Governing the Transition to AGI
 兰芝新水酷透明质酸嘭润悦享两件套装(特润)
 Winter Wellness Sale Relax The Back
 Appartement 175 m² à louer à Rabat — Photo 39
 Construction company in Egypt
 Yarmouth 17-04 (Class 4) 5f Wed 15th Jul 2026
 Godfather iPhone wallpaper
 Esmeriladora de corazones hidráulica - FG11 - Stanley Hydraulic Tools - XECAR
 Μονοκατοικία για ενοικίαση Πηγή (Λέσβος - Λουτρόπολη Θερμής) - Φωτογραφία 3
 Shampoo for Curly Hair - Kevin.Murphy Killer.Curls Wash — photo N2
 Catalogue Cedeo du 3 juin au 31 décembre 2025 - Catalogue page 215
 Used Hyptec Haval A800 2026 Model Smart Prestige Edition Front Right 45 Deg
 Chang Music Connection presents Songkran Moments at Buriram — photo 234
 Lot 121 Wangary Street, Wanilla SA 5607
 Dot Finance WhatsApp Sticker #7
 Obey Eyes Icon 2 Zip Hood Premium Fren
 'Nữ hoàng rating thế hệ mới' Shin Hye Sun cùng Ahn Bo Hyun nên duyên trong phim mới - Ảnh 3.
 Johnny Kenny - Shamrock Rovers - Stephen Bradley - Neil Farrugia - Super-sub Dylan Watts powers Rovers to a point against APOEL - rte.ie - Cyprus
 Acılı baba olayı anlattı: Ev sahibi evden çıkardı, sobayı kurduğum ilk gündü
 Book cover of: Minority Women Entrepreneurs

= = = = = = =

**WHAT YOU SHOULD DO:**
This exercise calls for every record above to be written out again exactly.

**ANSWER FOR THE TASK:**
Governing the Transition to AGI
 兰芝新水酷透明质酸嘭润悦享两件套装(特润)
 Winter Wellness Sale Relax The Back
 Appartement 175 m² à louer à Rabat — Photo 39
 Construction company in Egypt
 Yarmouth 17-04 (Class 4) 5f Wed 15th Jul 2026
 Godfather iPhone wallpaper
 Esmeriladora de corazones hidráulica - FG11 - Stanley Hydraulic Tools - XECAR
 Μονοκατοικία για ενοικίαση Πηγή (Λέσβος - Λουτρόπολη Θερμής) - Φωτογραφία 3
 Shampoo for Curly Hair - Kevin.Murphy Killer.Curls Wash — photo N2
 Catalogue Cedeo du 3 juin au 31 décembre 2025 - Catalogue page 215
 Used Hyptec Haval A800 2026 Model Smart Prestige Edition Front Right 45 Deg
 Chang Music Connection presents Songkran Moments at Buriram — photo 234
 Lot 121 Wangary Street, Wanilla SA 5607
 Dot Finance WhatsApp Sticker #7
 Obey Eyes Icon 2 Zip Hood Premium Fren
 'Nữ hoàng rating thế hệ mới' Shin Hye Sun cùng Ahn Bo Hyun nên duyên trong phim mới - Ảnh 3.
 Johnny Kenny - Shamrock Rovers - Stephen Bradley - Neil Farrugia - Super-sub Dylan Watts powers Rovers to a point against APOEL - rte.ie - Cyprus
 Acılı baba olayı anlattı: Ev sahibi evden çıkardı, sobayı kurduğum ilk gündü
 Book cover of: Minority Women Entrepreneurs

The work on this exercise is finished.